▸ WHAT YOU NEED TO DO: The entries below must be transcribed exactly. Leave nothing out.

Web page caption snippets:
•••••
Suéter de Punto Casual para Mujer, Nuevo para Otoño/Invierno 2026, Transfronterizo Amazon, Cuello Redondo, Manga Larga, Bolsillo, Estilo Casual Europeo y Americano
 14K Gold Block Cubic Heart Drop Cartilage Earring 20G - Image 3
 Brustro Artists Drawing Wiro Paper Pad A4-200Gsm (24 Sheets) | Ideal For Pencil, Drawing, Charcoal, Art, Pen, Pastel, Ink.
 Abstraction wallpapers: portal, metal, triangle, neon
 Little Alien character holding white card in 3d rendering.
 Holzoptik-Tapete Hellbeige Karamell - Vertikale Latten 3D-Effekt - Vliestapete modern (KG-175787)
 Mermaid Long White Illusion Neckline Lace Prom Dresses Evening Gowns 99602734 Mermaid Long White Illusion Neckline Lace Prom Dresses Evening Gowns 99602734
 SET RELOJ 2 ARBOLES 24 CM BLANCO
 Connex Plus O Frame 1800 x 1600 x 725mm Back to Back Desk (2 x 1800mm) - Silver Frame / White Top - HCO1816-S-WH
•••••
▸ RESPONSE:
Suéter de Punto Casual para Mujer, Nuevo para Otoño/Invierno 2026, Transfronterizo Amazon, Cuello Redondo, Manga Larga, Bolsillo, Estilo Casual Europeo y Americano
 14K Gold Block Cubic Heart Drop Cartilage Earring 20G - Image 3
 Brustro Artists Drawing Wiro Paper Pad A4-200Gsm (24 Sheets) | Ideal For Pencil, Drawing, Charcoal, Art, Pen, Pastel, Ink.
 Abstraction wallpapers: portal, metal, triangle, neon
 Little Alien character holding white card in 3d rendering.
 Holzoptik-Tapete Hellbeige Karamell - Vertikale Latten 3D-Effekt - Vliestapete modern (KG-175787)
 Mermaid Long White Illusion Neckline Lace Prom Dresses Evening Gowns 99602734 Mermaid Long White Illusion Neckline Lace Prom Dresses Evening Gowns 99602734
 SET RELOJ 2 ARBOLES 24 CM BLANCO
 Connex Plus O Frame 1800 x 1600 x 725mm Back to Back Desk (2 x 1800mm) - Silver Frame / White Top - HCO1816-S-WH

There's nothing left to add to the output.